# Another picture of my Barger Feist



## Robert Warnock (Nov 30, 2008)

This is my first attempt at posting a picture, hope it works.  This is Warnock's Little Man watching for the squirrel to timber.


----------



## cotton top (Dec 1, 2008)

Robert that is a fine looking squirrel dog. I know hes smart by the way he is taking it all in. Who did you get him from?
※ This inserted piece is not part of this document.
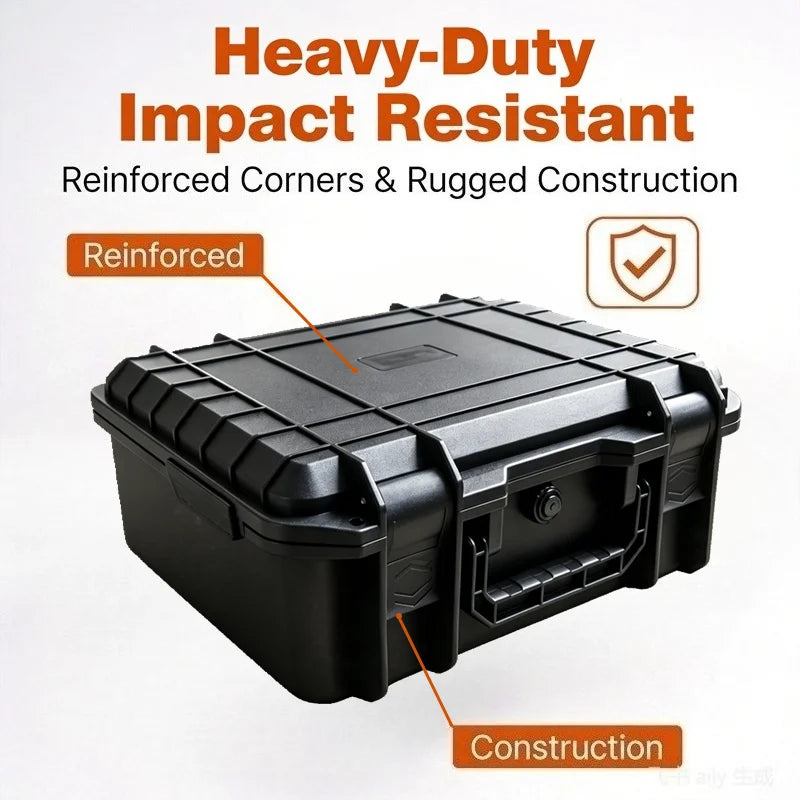 1PC Hard Carry Case Hardware Tool Box Waterproof Shockproof Pre-Cut Sponge Storage Case Camera Equipment Protective Box Organize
Thanks for sharing -  Cotton Top


----------



## GA DAWG (Dec 1, 2008)

looks good.


----------



## GAnaturalist (Dec 1, 2008)

Great line, and a good looking dog.

I wanted a Barger Stock pup for a long time now, but I messin with a blue dog now. 

How old is your dog ?


----------



## Robert Warnock (Dec 1, 2008)

I got him from Mr. Bill Barger in Harriman, Tennessee.  He has been breeding this line of dogs for a long time.  He is four years old and he does a good job squirrels.  Thanks


----------



## Nga. (Dec 1, 2008)

Fine looking dog Robert.

How big is he? Height and weight?

I'm looking at breeding 1 of my females at the 1st of the year they are due in end of Jan or feb.


----------



## olroy (Dec 1, 2008)

*feist*

Robert what is the sire and dam of your dog? i have been to bills a few times. he has some nice dogs...


----------



## 027181 (Dec 1, 2008)

how long did it take you to finish this dog i have a barger feist who will be 12 months in april he was looking up trees and chasing squirrels but this weekend he was running rabbits and i have no shock collar


----------



## cotton top (Dec 1, 2008)

Hey Robert, Do you ever raise any puppies? If so I sure would be interested in one out of this young feller.
 Nice!!!!! 
COTTON TOP


----------



## shanesbandit (Dec 2, 2008)

*Barger*

Nice looks,  If you get a female out of him let me know 
I have a barger male


----------



## Jasper (Dec 2, 2008)

Fine looking dog right there!


----------